Sheinbaum sostuvo que México ya enfrentó antecedentes de financiamiento extranjero con impacto político y mencionó el caso de organizaciones civiles que, según el oficialismo, habrían recibido recursos desde Estados Unidos para influir en campañas y candidaturas. La mandataria aseguró que el objetivo de la iniciativa no es beneficiar políticamente al partido gobernante Morena, sino proteger la soberanía electoral y evitar interferencias externas en las decisiones políticas del país.
Las declaraciones ocurrieron luego de que la Cámara de Diputados aprobara una reforma impulsada por Morena y sus aliados que incorpora la “injerencia extranjera” como causal para anular elecciones federales.
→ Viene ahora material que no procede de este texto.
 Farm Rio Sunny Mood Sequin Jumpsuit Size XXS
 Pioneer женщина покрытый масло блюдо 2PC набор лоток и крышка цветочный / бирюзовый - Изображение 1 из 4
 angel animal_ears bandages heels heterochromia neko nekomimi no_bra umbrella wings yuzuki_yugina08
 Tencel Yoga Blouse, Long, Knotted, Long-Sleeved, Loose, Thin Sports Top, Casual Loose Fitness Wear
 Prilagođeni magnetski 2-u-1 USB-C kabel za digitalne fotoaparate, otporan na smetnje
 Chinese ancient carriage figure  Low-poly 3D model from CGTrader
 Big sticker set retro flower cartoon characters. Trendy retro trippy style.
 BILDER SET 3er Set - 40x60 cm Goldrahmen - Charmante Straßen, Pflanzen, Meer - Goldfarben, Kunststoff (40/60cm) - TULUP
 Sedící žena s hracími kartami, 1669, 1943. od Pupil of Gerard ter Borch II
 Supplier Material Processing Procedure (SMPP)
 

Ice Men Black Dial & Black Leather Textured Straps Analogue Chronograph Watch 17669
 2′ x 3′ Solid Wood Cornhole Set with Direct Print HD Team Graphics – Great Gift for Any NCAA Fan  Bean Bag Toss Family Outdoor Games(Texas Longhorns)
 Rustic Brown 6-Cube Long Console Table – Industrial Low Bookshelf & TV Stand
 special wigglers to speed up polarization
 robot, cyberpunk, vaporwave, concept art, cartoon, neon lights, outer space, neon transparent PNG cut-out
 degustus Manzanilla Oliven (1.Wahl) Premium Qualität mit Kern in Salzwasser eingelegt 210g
El proyecto fue aprobado con 307 votos a favor y enviado al Senado para su discusión. La propuesta contempla posibles intervenciones mediante financiamiento ilegal, campañas de desinformación, operaciones digitales y ciberataques que puedan alterar resultados electorales.
“Todos los mexicanos deberíamos estar de acuerdo con eso: que no haya injerencia extranjera en las elecciones en México. Quien vota en contra de esta propuesta parece que está a favor de que haya injerencia extranjera en las elecciones en México; yo creo que todos debemos estar de acuerdo de que en México decidimos las y los mexicanos quién nos gobierna”, indicó la presidenta.
En tanto la oposición cuestiona el alcance de la reforma y advierte sobre la falta de precisión en la definición de “intervención extranjera”, señalando que la medida podría generar interpretaciones discrecionales en futuros procesos electorales.